Client and clinical staff perceptions of barriers to and enablers of the uptake and delivery of behavioural interventions for urinary incontinence: qualitative evidence synthesis

2017 
Aim To evaluate factors influencing uptake and delivery of behavioural interventions for urinary incontinence from the perspective of clients and clinical staff. Background Behavioural interventions are recommended as first-line therapy for the management of urinary incontinence. Barriers to and enablers of uptake and delivery of behavioural interventions have not been reviewed. Design Qualitative evidence synthesis. Data sources MEDLINE, EMBASE, CINAHL, PsychInfo, AMED (inception to May 2013); Proceedings of the International Continence Society (ICS) (2006–2013). Review methods Studies where data were collected from clients or staff about their experiences or perceptions of behavioural interventions were included. Two reviewers independently screened records on title and abstract.
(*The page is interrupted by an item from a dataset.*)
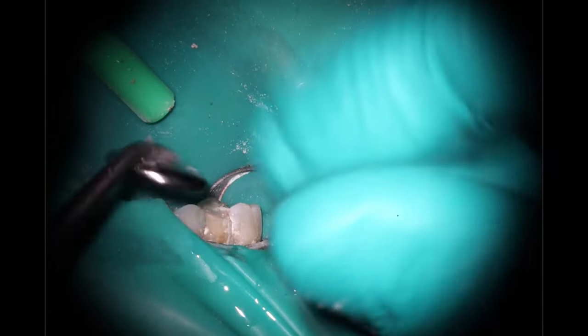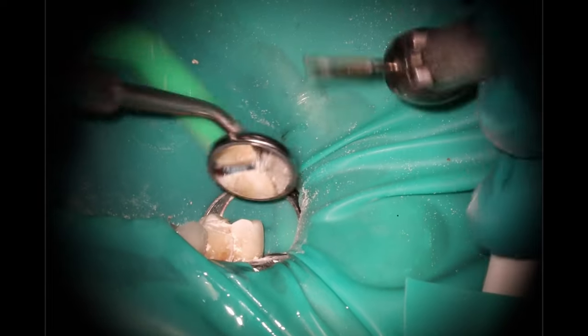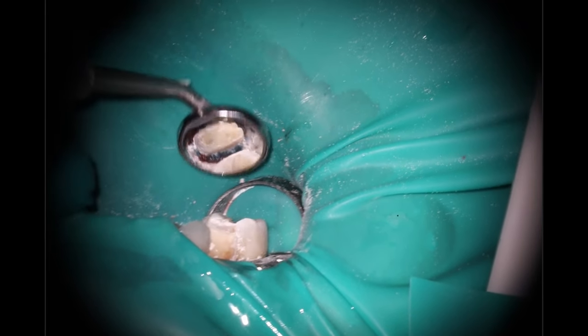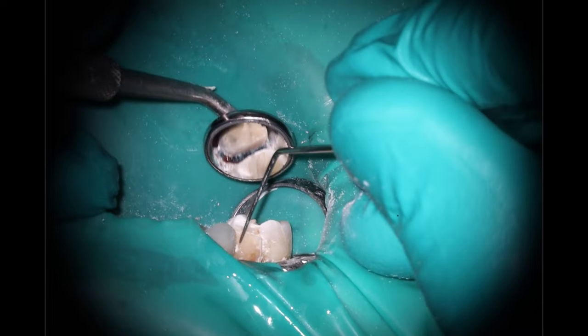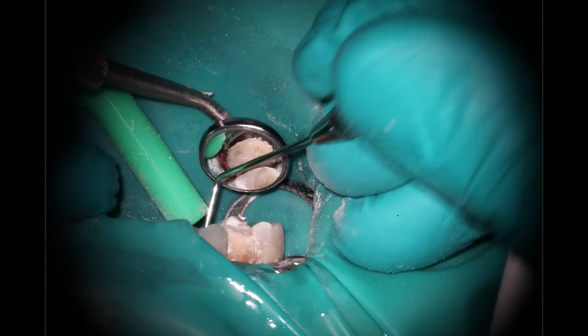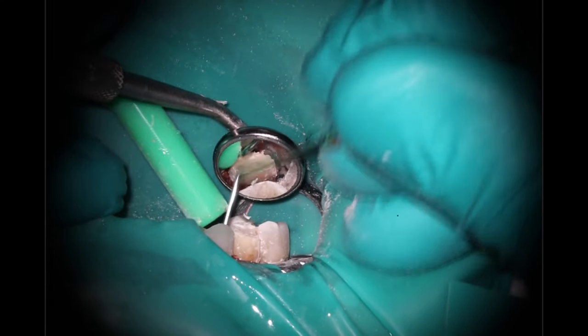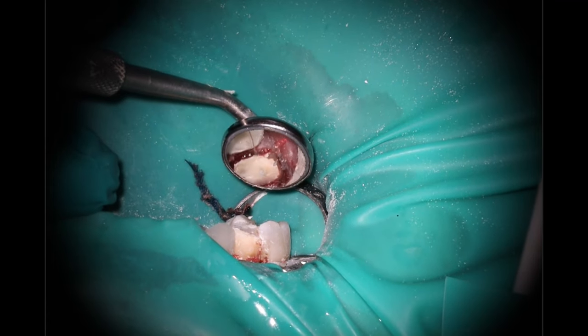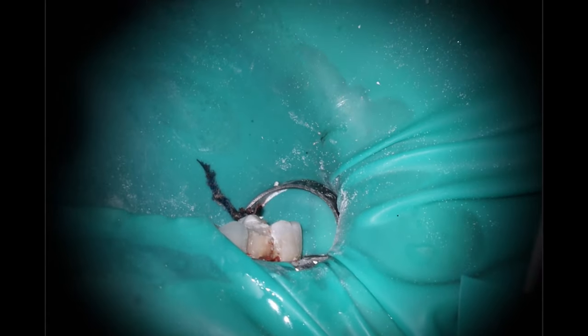Starting to do the buccal prep. I'm going to take the cord out at this point since I'm probably going to start ripping it out by accident. I usually do more of a direct vision for my buccal preparation, but the way her lip came up was pushing me out. So I decided to pull the cord while we have the rubber dam on, then remove the rubber dam and do the final prep. There will be a little bit of bleeding because the cord has been shoved into that area.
Full-text papers were obtained for records identified as potentially relevant by either reviewer. Two reviewers independently filtered all full-text papers for inclusion, extracted findings and critically appraised studies. We used an approach akin to Framework, using a matrix of pre-specified themes to classify the data and facilitate its presentation and synthesis. Results Seven studies involving 200 participants identified clients’ views. Findings identified from at least one study of moderate quality included increased fear of accidents and convenience of treatment. Factors enabling participation included realistic goals and gaining control. Six studies involving 427 participants identified staff views. Findings identified from at least one study of moderate quality included staff education and perceptions of treatment effectiveness. Enabling factors included teamwork and experience of success. Conclusion There is little detailed exploration of clients’ experiences of, and responses to, behavioural interventions. Evidence for staff relates predominantly to prompted voiding in long-term residential care. Studies of the uptake and delivery of other behavioural interventions in other settings are warranted.